The AMR study found a mixed attitude toward overall economic recovery by manufacturers, but with a slight optimistic slant, especially among smaller companies with less than 500 employees. Additionally, while most study respondents said capital spending—including spending on information technology (IT)—remains flat, one-third see an increase, and small enterprises were again the most optimistic.
The National Association of Manufacturers (NAM), the Washington-based trade association and sponsor of NMW, also released a study at the show. It found three-fourths of members surveyed expect overall capital spending growth to be below 5 percent in 2003.
NAM President Jerry Jasinowski sees signs that capital spending will increase. "Most manufacturers I know are busy looking at investments," he says. "Unfortunately, they aren't making any yet ... but they are poised to make them."
Tony Raimondo, a NAM board member and chairman and CEO of Behlen Manufacturing Co., a Columbus, Neb.-based supplier of livestock equipment and grain storage products, believes manufacturers will increase their IT investments, although modestly. Behlen itself is just coming out of an 18-month freeze on new IT spending projects, says Raimondo.

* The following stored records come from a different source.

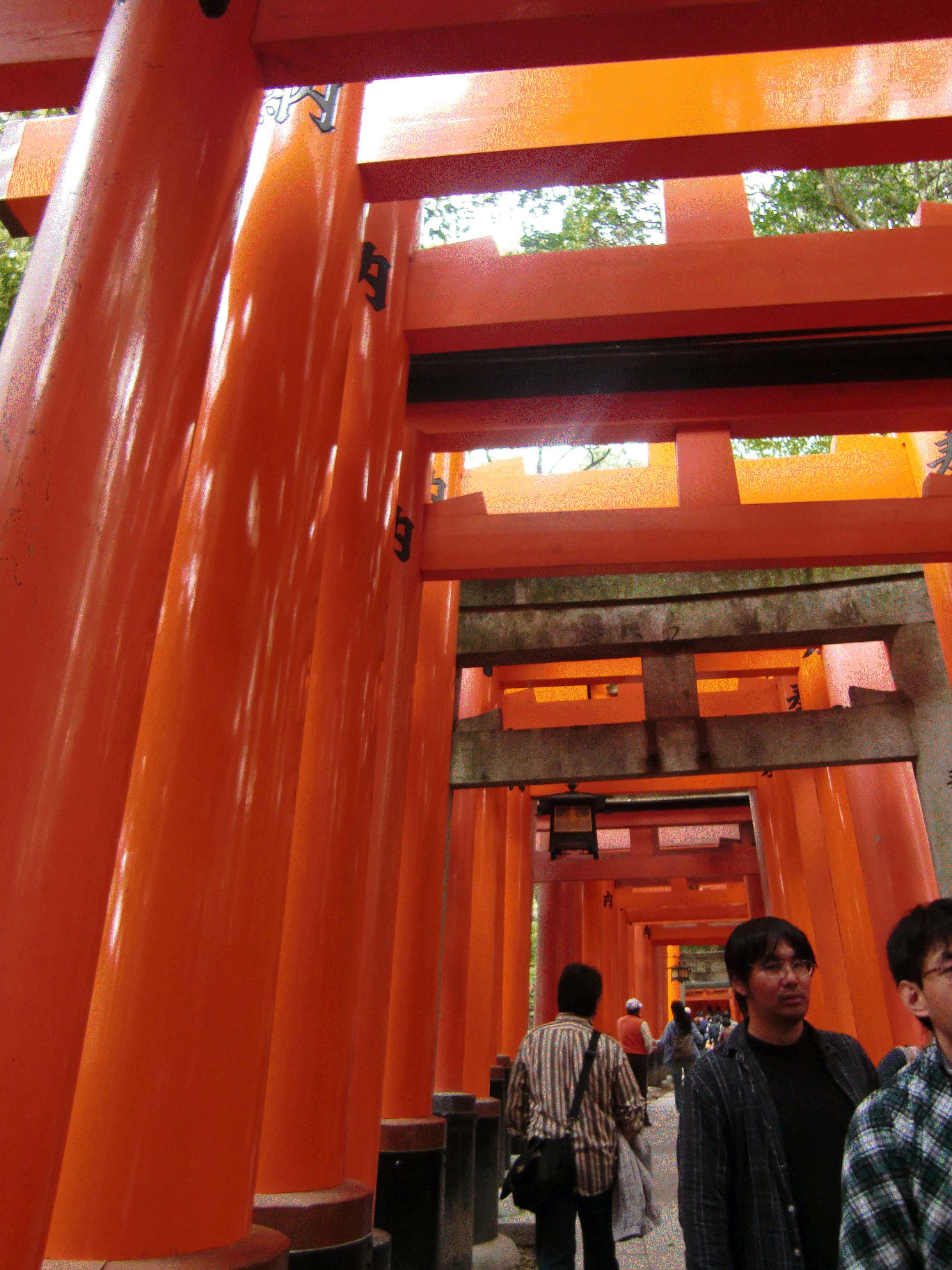 京都～☆の画像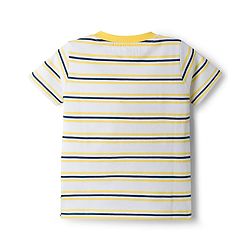 Babyhug Cotton Knit T-Shirts with Graphics Pack of 3 Multi Color 6-9 Months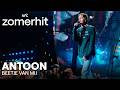 Beetje van mij - Antoon | VRT Zomerhit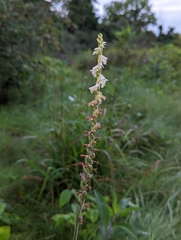 Spiranthes vernalis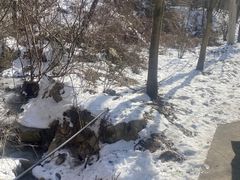 -西安祥峪森林公园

Patrick Sedillo, Industrial Sector segment executive, Small & Medium Business, with Armonk, N.Y.-based IBM Corp., works with small and mid-market enterprise software vendors. He believes applications spending is bound to pick up soon. While Sedillo acknowledges the tough economic times of the past couple of years have brought a reduction in capital investment, manufacturing may be approaching the point where new systems are needed.
"Manufacturers have cut inventories, trimmed back workforces, and improved on business processes," says Sedillo. "To get to the next phase of improvement, companies need to invest again in technology. When the lack of updated systems becomes the constraint, then we'll see that level of investment increase."
Turning the corner on slowed applications spending can't come too soon for software companies that exhibited at National Manufacturing Week, many of which have seen declining sales—or at least a declining rate of growth—over the last two years. The response of most vendors has been to focus enhancements around specific business process improvements.
Scott Rich, a company vice president for Lilly Software Associates, a Hampton, N.H.-based enterprise suite vendor, says that while some companies still need enterprise resources planning (ERP) systems that fit their vertical industry needs, others are looking to enhance the value of existing ERP solutions by deploying constraints-based planning tools and bottleneck management techniques. "There definitely is a trend toward companies looking for the second round of improvement after ERP," says Rich.
Chicago-based enterprise suite vendor IFS is touting a concept called 3LM. According to John Bridges, a vice president for IFS North America, 3LM means that IFS Applications 2003, IFS's suite, addresses the three main aspects of business—customers, products, and physical and human assets—as integral to the suite's various components.
For IFS customers such as Hitachi Koki Imaging Solution, a Simi Valley, Calif.-based manufacturer of digital network printers, 3LM manifests itself in functionality like product configuration, which tracks as-built configurations within the IFS suite, resulting in accurate orders. "With 3LM, we get our customer thinking about the overall processes they deal with in business, rather than modules or components within our system," says Bridges.
Kronos, a Chelmsford, Mass.-based vendor of integrated human resources, payroll, and labor management solutions, had a strong return-on-investment (ROI) story to tell. A study of Kronos's Workforce Timekeeper solution recently conducted by Nucleus Research, Wellesley, Mass., found three-quarters of users reported an ROI above 250 percent, with organizations achieving payback for the system in an average of five months. According to Clay Ritchey, manufacturing industry manager for Kronos, this level of ROI is derived in a couple of ways.
"By automating payroll processes, inaccurate entries are eliminated," says Ritchey. "This alone delivers tangible ROI, as seen in the study, where elimination of payroll errors generated system payback for 88 percent of users. The other main area of benefit stems from labor management analytics, which give companies insight into how to get rid of nonvalue-added activity."